While this may seem more like a party trick than a paradigm shift, EVs - especially when paired with solar - provide a real opportunity to address climate change, improve local air quality and increase family finances. That opportunity, though, hinges on who has access to these vehicles.
As part of GRID Alternatives’ vision of a transition to clean, renewable energy that includes everyone, we are thrilled to be launching a new initiative to address exactly that question, and help improve equality of access to EVs and their associated benefits for the communities GRID serves.
It’s not hard to see why: low-income families in the US spend approximately $75-$78 billion every year on gasoline. Communities of color are disproportionately impacted by pollution from both gasoline consumption and gasoline production, including disproportionate exposure to airborne lead poisoning from the era of leaded gasoline. By pairing electric vehicles with solar power, GRID is helping families replace gasoline with sunshine, saving them money and replacing local air pollution with clean energy.
The initial focus is on supporting community outreach, helping qualified customers charge their electric vehicles with solar power, and connecting potential clients with the existing programs that assist in implementing low-carbon transportation equity programs. Here in the Bay Area, thanks to grant funding from the Chan Zuckerberg Initiative and the Grove Foundation, we have jumped in to connecting new and current GRID solar clients with at home EV chargers and the incentives to get into a new (or used) EV. We’ve recently installed our first few solar powered electric vehicle charging stations in East Palo Alto, and have more on the way around the Bay Area. We are so grateful to share in our clients’ excitement in this new work!

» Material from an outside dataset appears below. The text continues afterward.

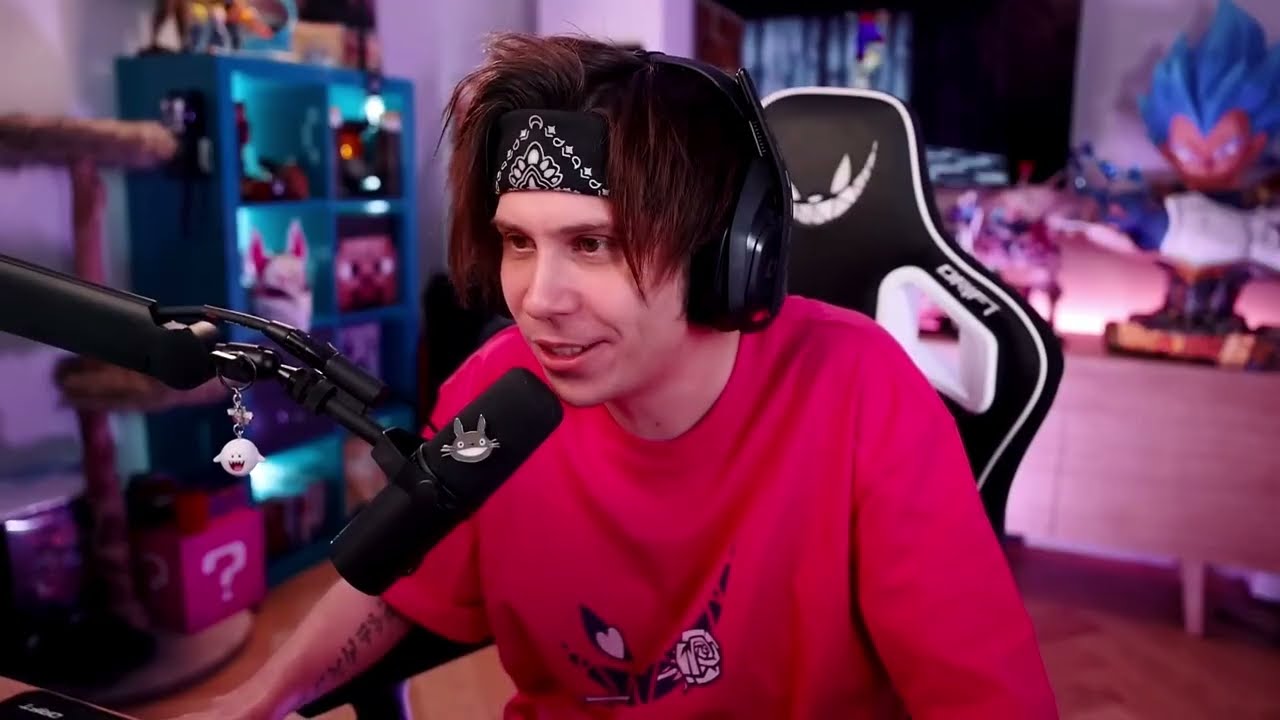 ADIVINA EL JUEGO SOLO POR LOS EMOJIS - Rubius vs El Chat en Mega Quiz Gaming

As always, GRID is heavily leveraging partnerships to best assist in this work. Current partnerships and programs include:
The Clean Vehicle Assistance Program, a new California statewide pilot project administered by Beneficial State Foundation to provide grants of up to $5,000 and loans to low-income consumers to purchase new or used clean vehicles, as well as free Level 2 charging stations for customers who purchase battery electric vehicles.
The Clean Vehicle Rebate Project, California’s main statewide electric vehicle incentive program administered by the Center for Sustainable Energy, that offers higher rebates of up to $4,500 to qualifying low-income consumers
The Clean Cars 4 All Program, a “scrap and replace” program administered by local California air districts, providing incentives through California Climate Investments (CCI) to lower-income California drivers to scrap their older, high-polluting car and replace it with a zero- or near-zero emission replacement. GRID Bay Area was recently selected to provide case management for this program in the Bay Area - stay tuned for more info soon!
In 2018, GRID Alternatives HQ was selected by the California Air Resources Board to administer the One-Stop-Shop Pilot, a clean transportation project that will streamline access to clean transportation-related incentives available to income-qualified consumers in California. With this pilot, we aim to centralize access to information and financial opportunities to help connect frontline communities to the variety of programs and services that are helping make EVs, and their benefits, accessible to all! We look forward to sharing more resources and information soon.